• _Data items_:
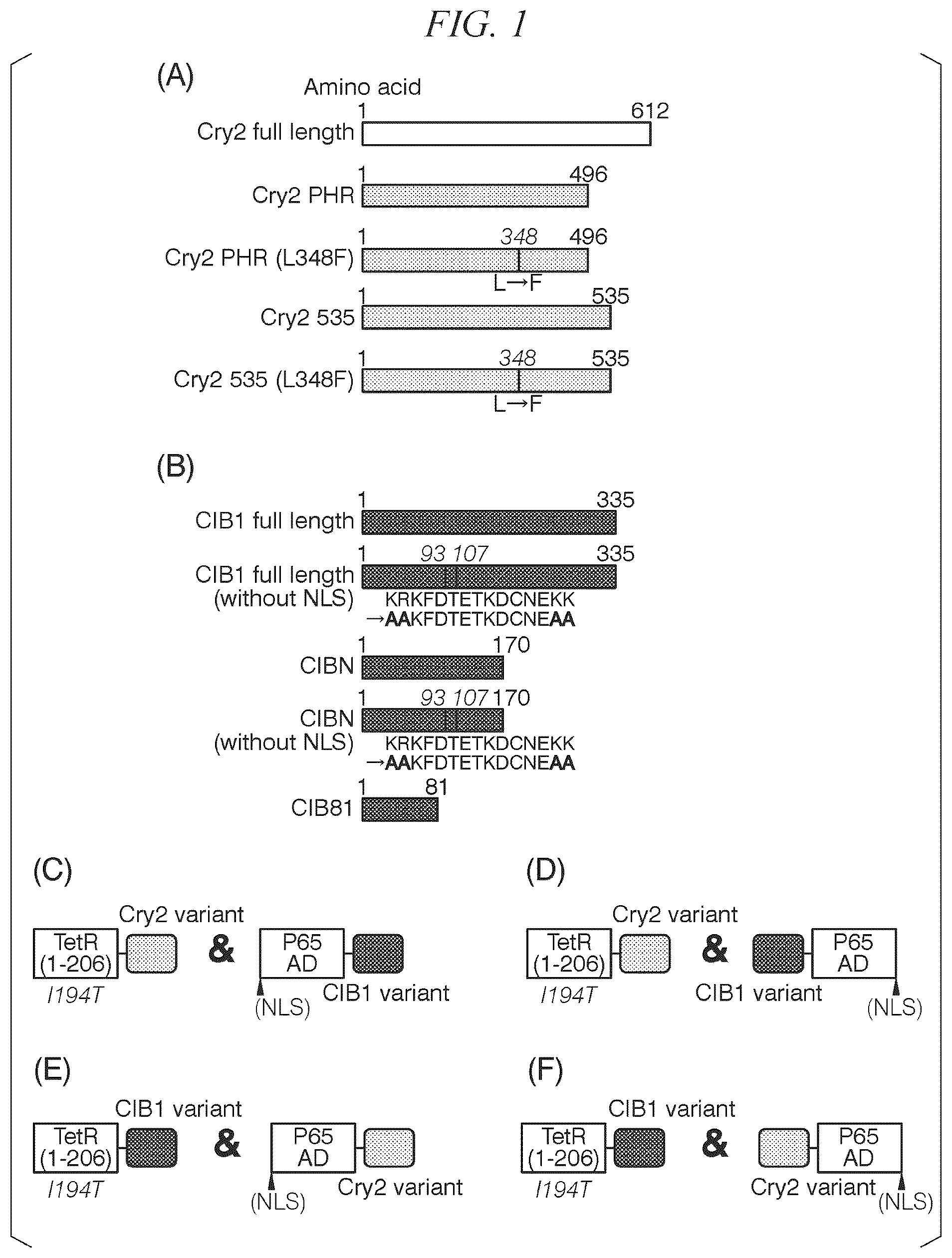Patent US12338443 Figure 1 – Photoactivatable Tet expression control system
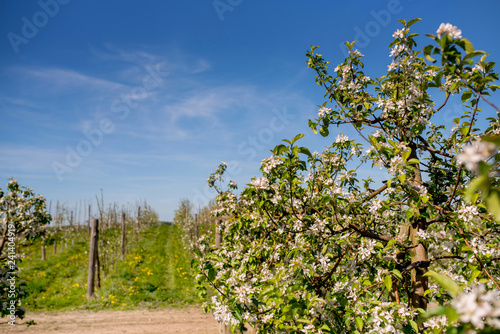 Blooming apple trees in the orchard in the spring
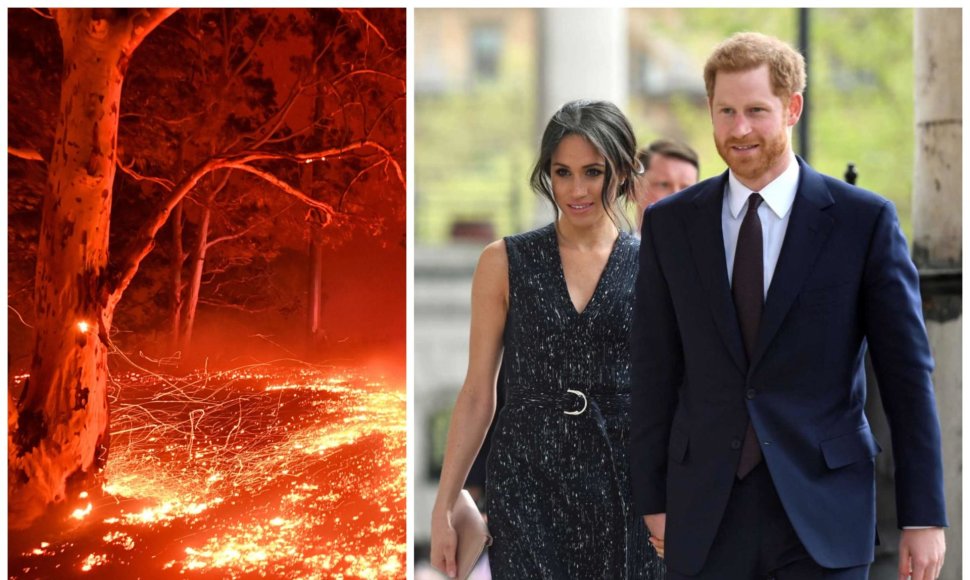 Miškų gaisrai Australijoje, Meghan Markle, princas Harry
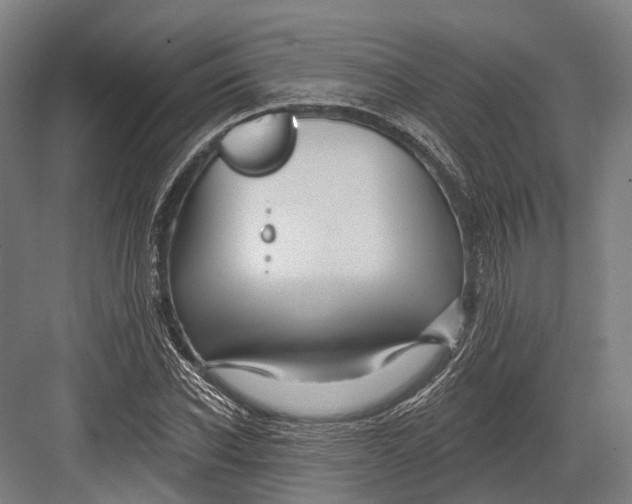 X0000082710926200702161812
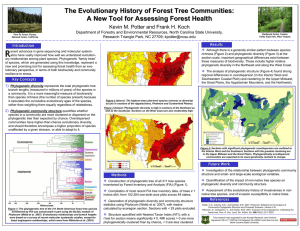 The Evolutionary History of Forest Tree Communities:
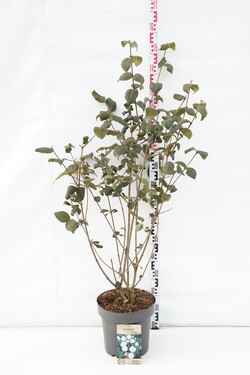 Putinas korėjinis (Lot Viburnum carlesii)  C12 80-100 CM
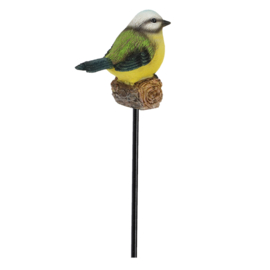 Tuinsteker Pimpelmees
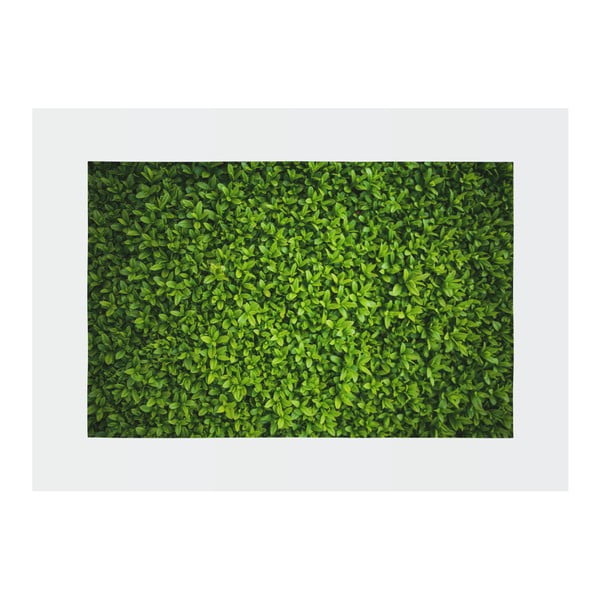 Žalias kilimas Oyo home Suzzo Grass, 140 x 220 cm-image-2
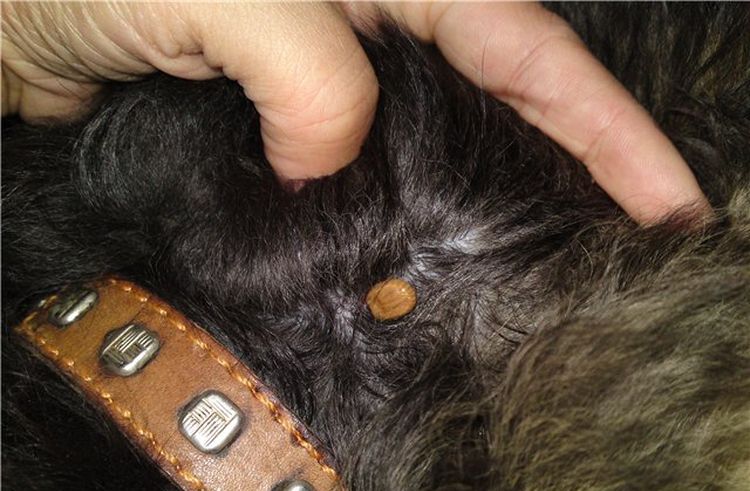 Une tique sur un chien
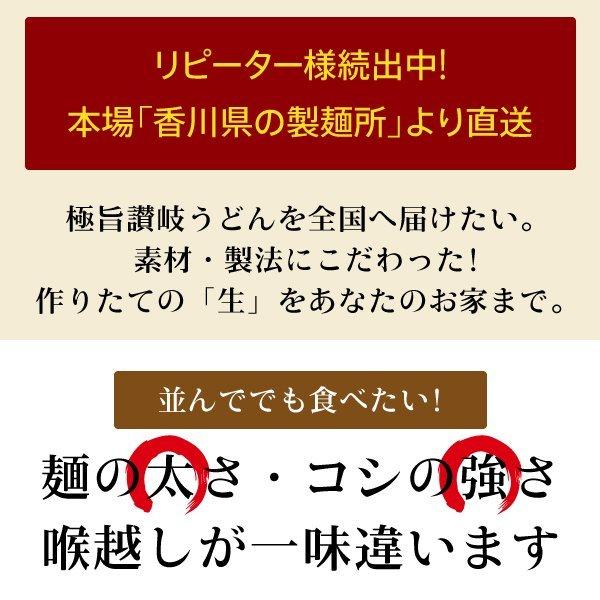 2種から選べる だし醤油付き30食 讃岐生うどん麺のみ45食 (麺300g×15袋) 送料無料(北海道・沖縄・離島 1500円)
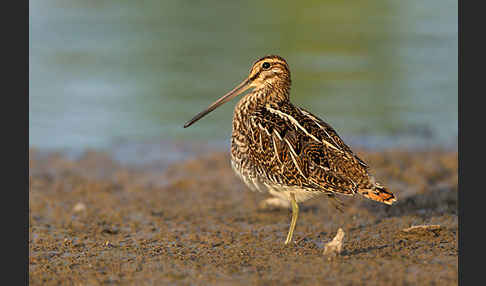 Bekassine (Gallinago gallinago)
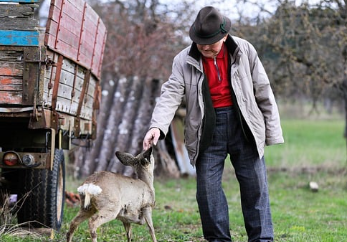 65세이상-임플란트-정부지원-받는방법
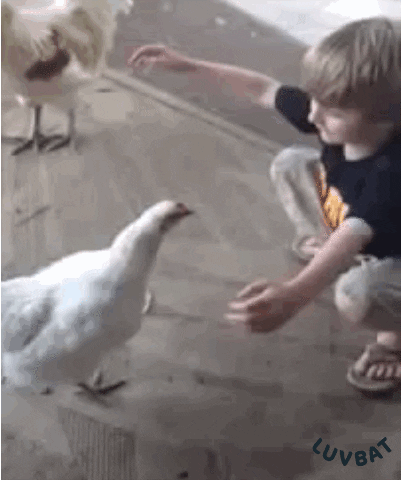 Love GIF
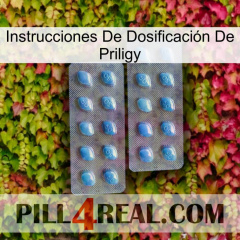 Instrucciones De Dosificación De Priligy viagra4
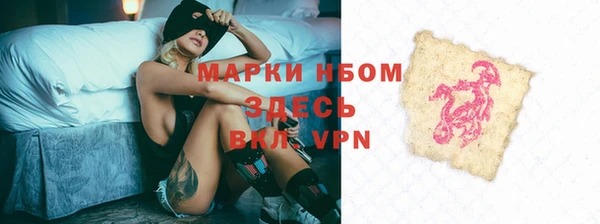прущие грибы Абаза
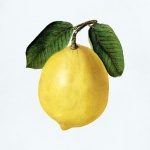 Lemon Vintage Art Illustration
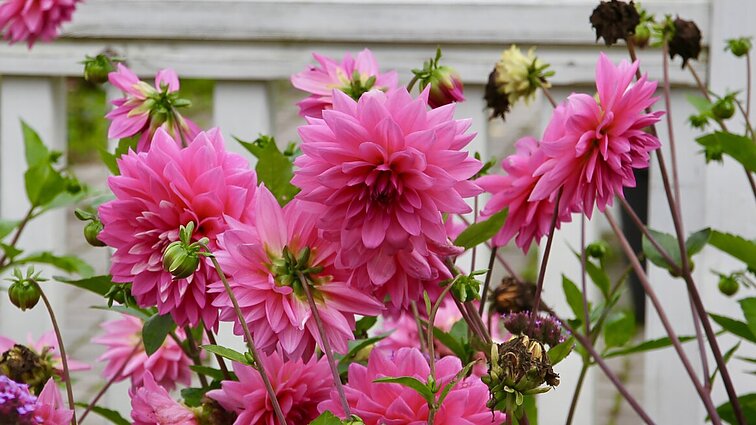 Žemaitijos kaime – jurginų laukai: Mažeikių rajone jau keliolika metų rengiama šių gėlių šventė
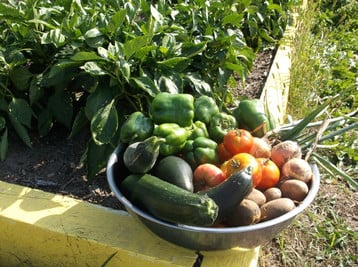 Harvest Garden photo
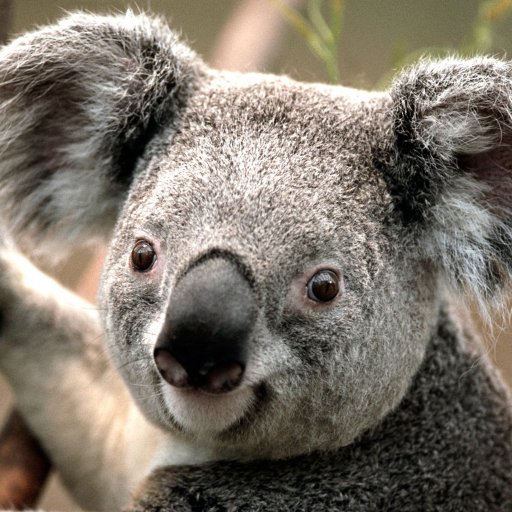 evb879's profile picture. Hello...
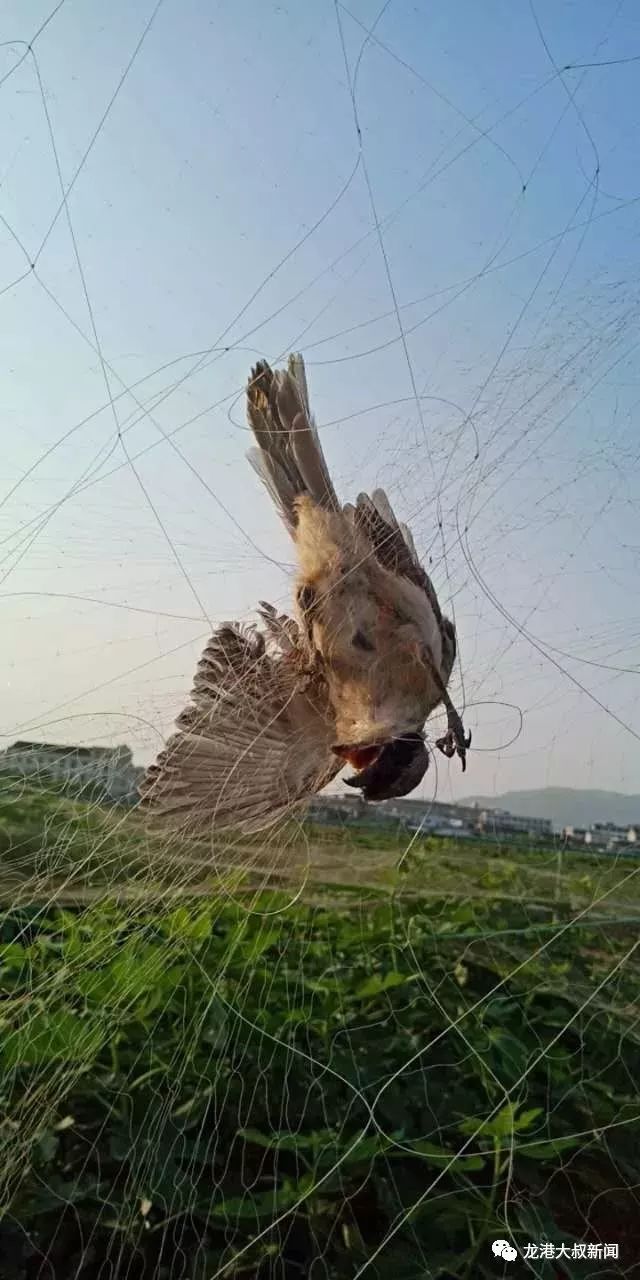 触目惊心龙港竟有人这样捕杀鸟类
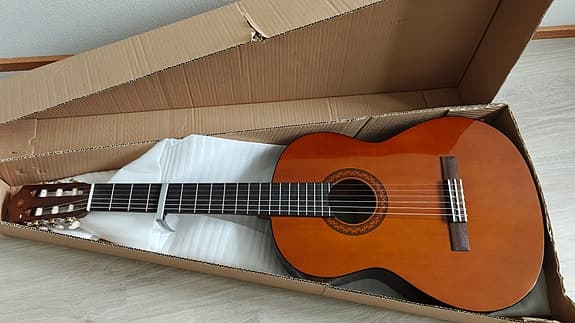 Acoustic Guitar Yamaha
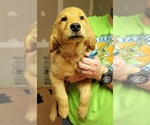 Puppy Light Blue Golden Retriever
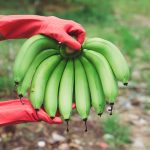 Banane Guadeloupe, elle se porte bien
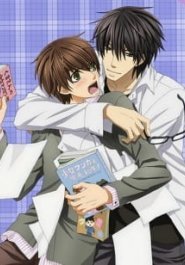 Sekaiichi Hatsukoi Valentine-hen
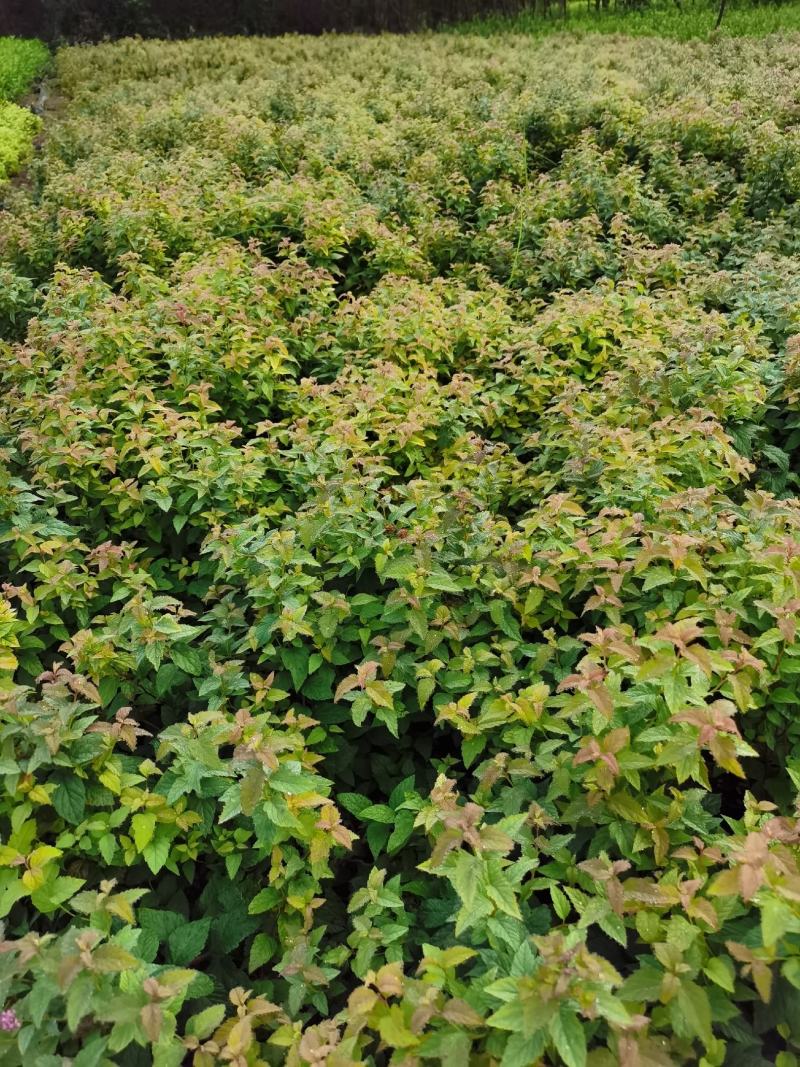 基地直供优质绣线菊，金焰绣线菊规格齐全，现货充足，价格优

• _About this task_: Starting with the line that has "Instrucciones De Dosificación" and ending with the line that has "evb879's profile picture. Hello...", repeat the lines above exactly, omitting every picture.

• _Written solution_:
 Instrucciones De Dosificación De Priligy viagra4
прущие грибы Абаза
 Lemon Vintage Art Illustration
 Žemaitijos kaime – jurginų laukai: Mažeikių rajone jau keliolika metų rengiama šių gėlių šventė
 Harvest Garden photo
 evb879's profile picture. Hello...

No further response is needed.